In: Physics
Consider aluminum and oxygen. In their natural states, their standard enthalpy of formation (i.e., the energy of formation at RTP) is zero. Every kilogram of aluminum has (at RTP) an entropy of 1.05 kJ/K, whereas every kilogram of oxygen has an entropy of 6.41 kJ/K. Aluminum burns fiercely, forming an oxide (Al2O3) and releasing energy. The standard enthalpy of formation of the oxide is –1.67 GJ/kmol. The entropy of the oxide is 51.0 kJ/K per kilomole. According to the second law of thermodynamics, the entropy of a closed system suffering any transformation cannot diminish. It can, at best, remain unchanged as the result of the transformation, or else it must increase. If you add up the entropies of the aluminum and of the oxygen, you will discover that the sum exceeds the entropy of the oxide formed.

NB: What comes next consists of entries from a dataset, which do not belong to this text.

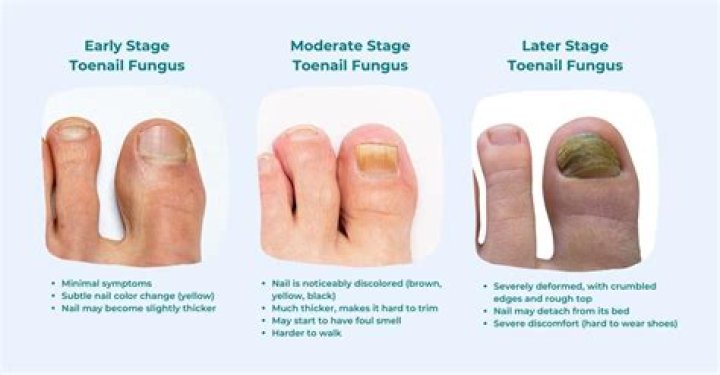 How does a person get toenail fungus?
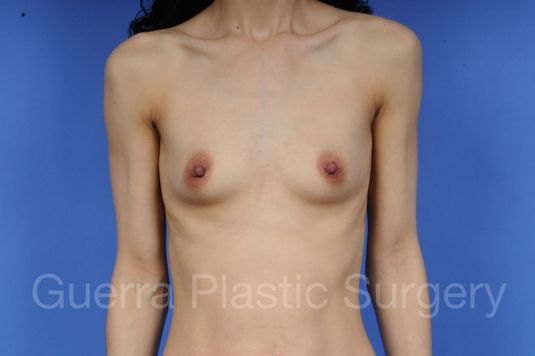 Case #1001045 Before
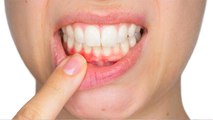 दांत हिलना कैसे बंद करें | Dant Hilane Ka Ilaj | Boldsky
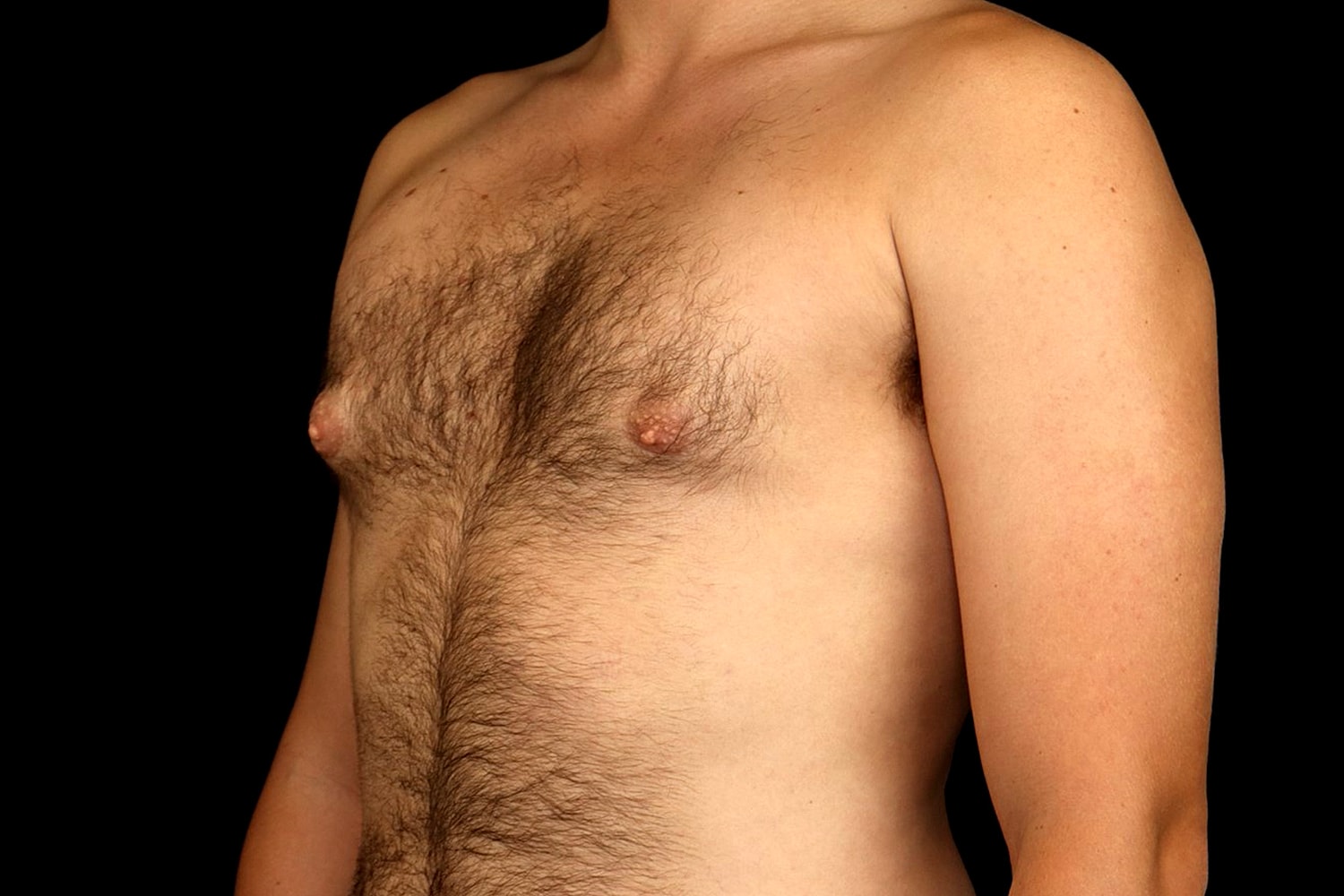 Gynecomastia Before & After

This means that when aluminum combines with oxygen, only part of the chemical energy can be transformed into electricity, while the rest must appear as the heat associated with the missing entropy. That part that can (ideally) be converted into electricity is called the available energy.
Calculate the available energy of the aluminum/oxygen reaction (MJ/kmol).
Calculate the percentage of available to total energy for this reaction (%).
Note: The molecular weights of Al and O2 are 27 and 32 kg/kmol, respectively.